Her letter reminded me of the words I heard from my own relatives who had gone through the darkest days of the Second World War, when all seemed hopeless and civilization itself hung in the balance. “We did what we had to do,” my aunt told me. Her husband was escorting convoys in the North Atlantic and she had no idea whether he would come home alive or end up in a watery grave.

As an Eastern Orthodox Christian, I tends to be somewhat critical of Western civilization. I suppose we Orthodox feel that our historical knowledge of what really happened in the West – of which 99.9% of Westerners are ignorant – gives us the right to do so. Perhaps. However, whatever the faults of the West, I see its value in this world as irreplaceable.

“We hold these truths to be self-evident: that all men are created equal, that they are endowed by their Creator with certain unalienable rights…”

Ponder that for a moment… Written nearly two and half centuries ago, these words from the US Declaration of Independence are ones that we have yet to live up to. They sum up the common foundation of Western civilization as a whole. And they are light years ahead of the sad reality in which most of the human race still lives. As President Obama rightly said, these ideas still light the world. And God help us if we ever allow them to be extinguished by any of the hate-filled religious or secular ideolologies we’ve had to face over the last century.

“Heaven Rescued Land”

I’m not an American, yet I can think of no better way to remember the veterans than by looking at the fourth stanza of Francis Scott Key’s magnificent poem, “The Defense of Fort McHenry”, better known as the lyrics of the Star Spangled Banner.

Here they are:

O! thus be it ever, when freemen shall stand
Between their loved home and the war’s desolation!
Blessed with victory and peace, may the heaven rescued land
Praise the Power that hath made and preserved us a nation.
Then conquer we must, when our cause it is just,
And this be our motto: ‘In God is our trust.’
And the star-spangled banner in triumph shall wave
O’er the land of the free and the home of the brave!

Or, if you’d prefer to listen to it, here it is on Youtube (where it’s sung as the third and final verse by the Mormon Tabernacle Choir):

http://www.youtube.com/watch?v=BU8dHEODN8s

Although he wrote it 195 years ago while watching the British navy bombard Fort McHenry during the Battle of Baltimore, it describes perfectly what our forebears lived through only 7 decades ago.

In that epic struggle, all of Western civilization was indeed a “heaven rescued land” and “the land of the free and the home of the brave”. Let’s face it; there is no freedom without bravery. In the immortal words of the great historian, Will Durant, the price of freedom is eternal vigilance.
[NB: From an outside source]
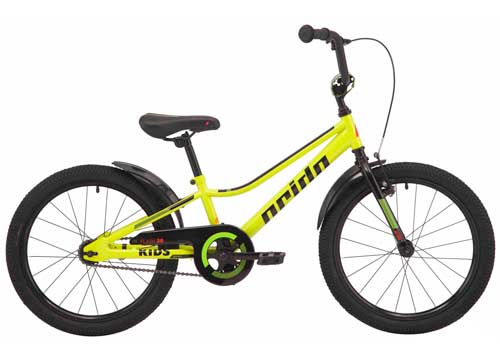 Велосипед 20 Pride FLASH 20 черный 2019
He also noted that “a nation must love peace, but keep its powder dry”. And he wrote those words in the context of the massacre of millions of people in India in the middle ages at the hands of their Muslim conquerors, events he called “the bloodiest story in human history”. The price of failing to keep your powder dry can be horror beyond imagination.

You may feel a sense of discomfort when you read the Key’s words, “And conquer we must, when our cause it is just…” and that’s understandable. We’ve all been conditioned by the disastrous consequences of some of our own foolish military misadventures since World War Two. That can make us pretty cynical. However…

…we must never let it blind us to the eternal values that our civilization is based on, no matter how often we manage to screw up the implementation of those values.

So let’s all remember all those brave men and women who have stood up to be counted when it mattered, who have put their lives on the line and are still doing so on a daily basis. And let us all strive every day to be worthy of their sacrifices and of the civilization that we so often take for granted.